*Required action:* Pictures do not belong in the copy. Write out exactly the lines from the one containing "Kingslee James McLean" through the end of the data.

*Web page caption snippets:*

● ● ● ● ● ● ●

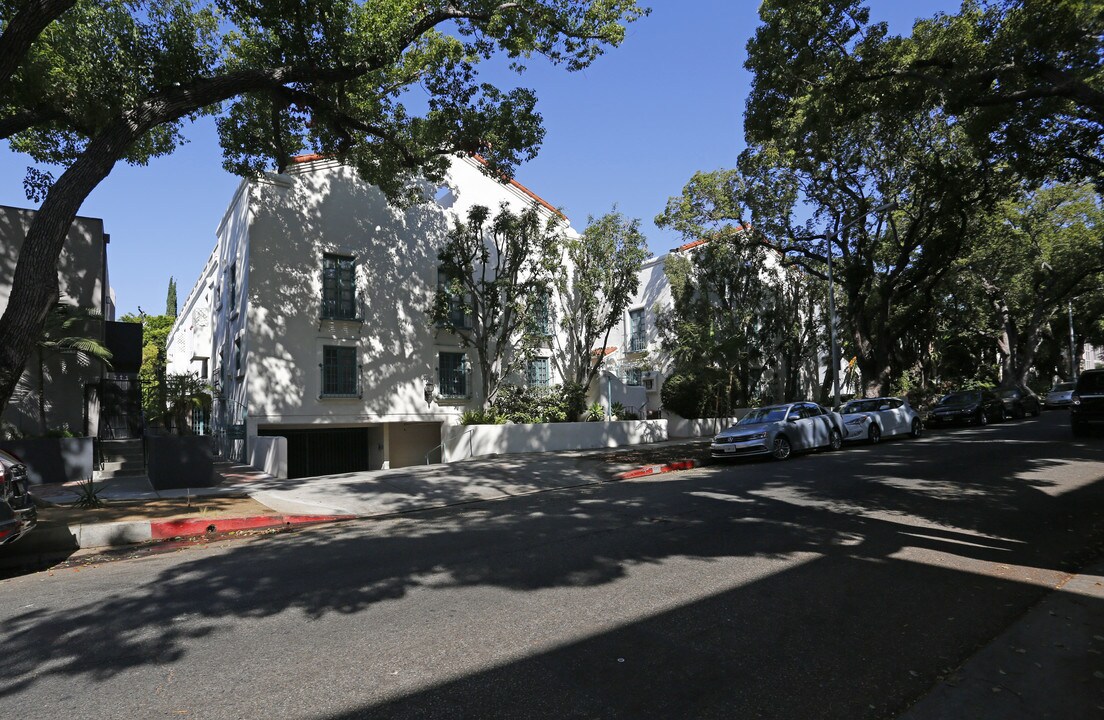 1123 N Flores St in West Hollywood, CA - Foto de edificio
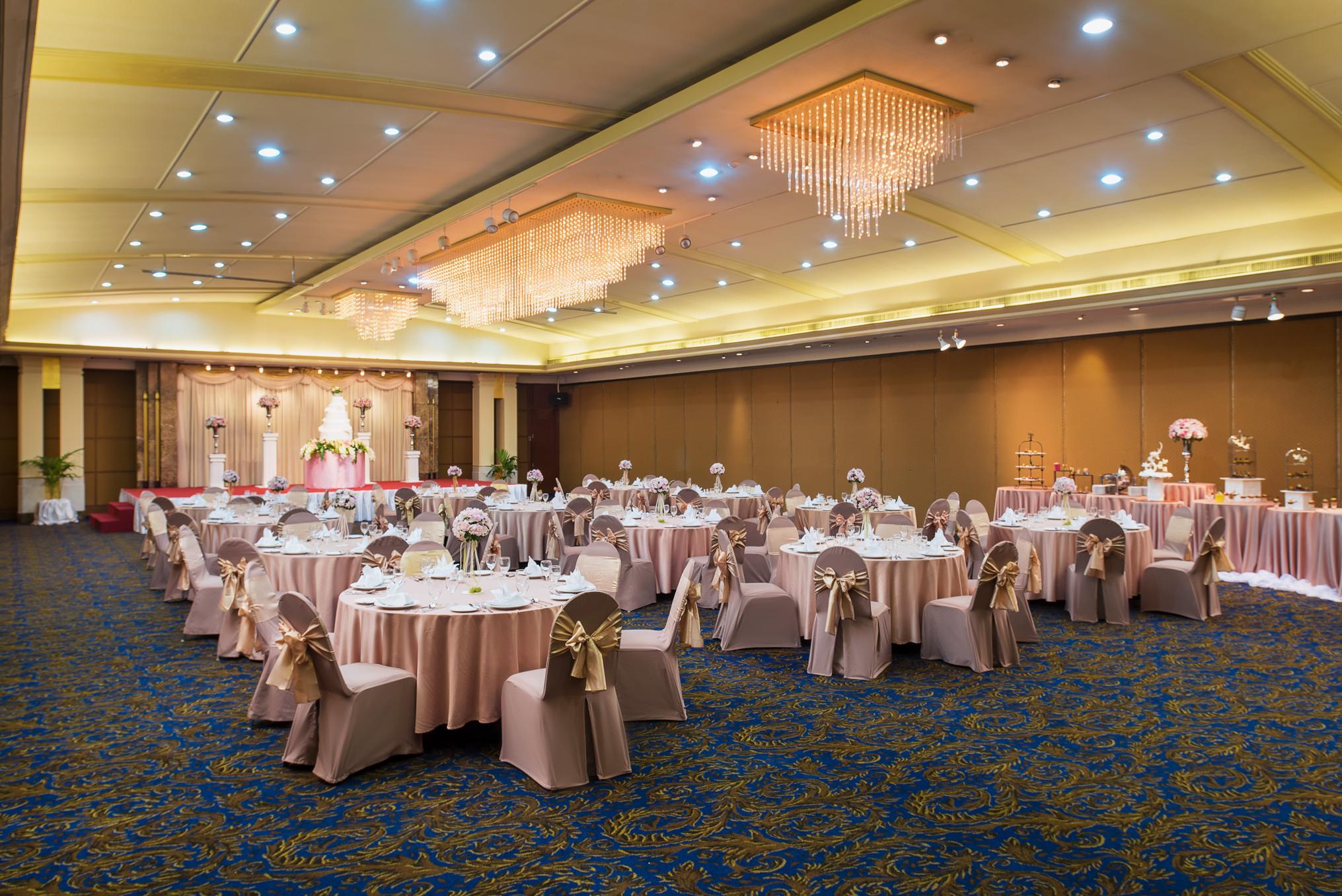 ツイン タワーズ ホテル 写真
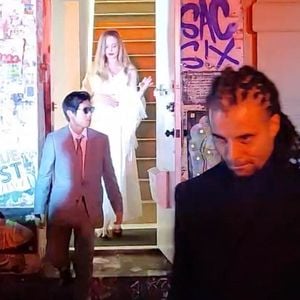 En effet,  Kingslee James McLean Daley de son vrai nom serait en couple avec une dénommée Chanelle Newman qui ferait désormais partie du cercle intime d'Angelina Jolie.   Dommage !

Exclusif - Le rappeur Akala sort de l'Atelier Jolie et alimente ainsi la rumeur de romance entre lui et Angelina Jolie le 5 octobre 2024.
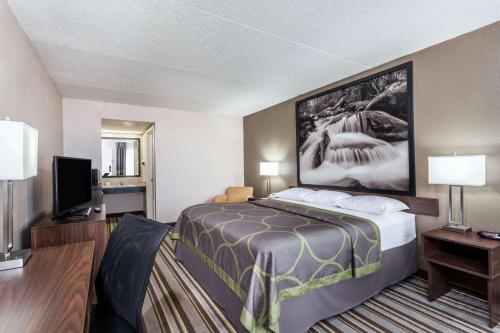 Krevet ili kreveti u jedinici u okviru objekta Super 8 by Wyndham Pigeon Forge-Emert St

● ● ● ● ● ● ●

*Answer to this exercise:*
 En effet,  Kingslee James McLean Daley de son vrai nom serait en couple avec une dénommée Chanelle Newman qui ferait désormais partie du cercle intime d'Angelina Jolie.   Dommage !

Exclusif - Le rappeur Akala sort de l'Atelier Jolie et alimente ainsi la rumeur de romance entre lui et Angelina Jolie le 5 octobre 2024.
 Krevet ili kreveti u jedinici u okviru objekta Super 8 by Wyndham Pigeon Forge-Emert St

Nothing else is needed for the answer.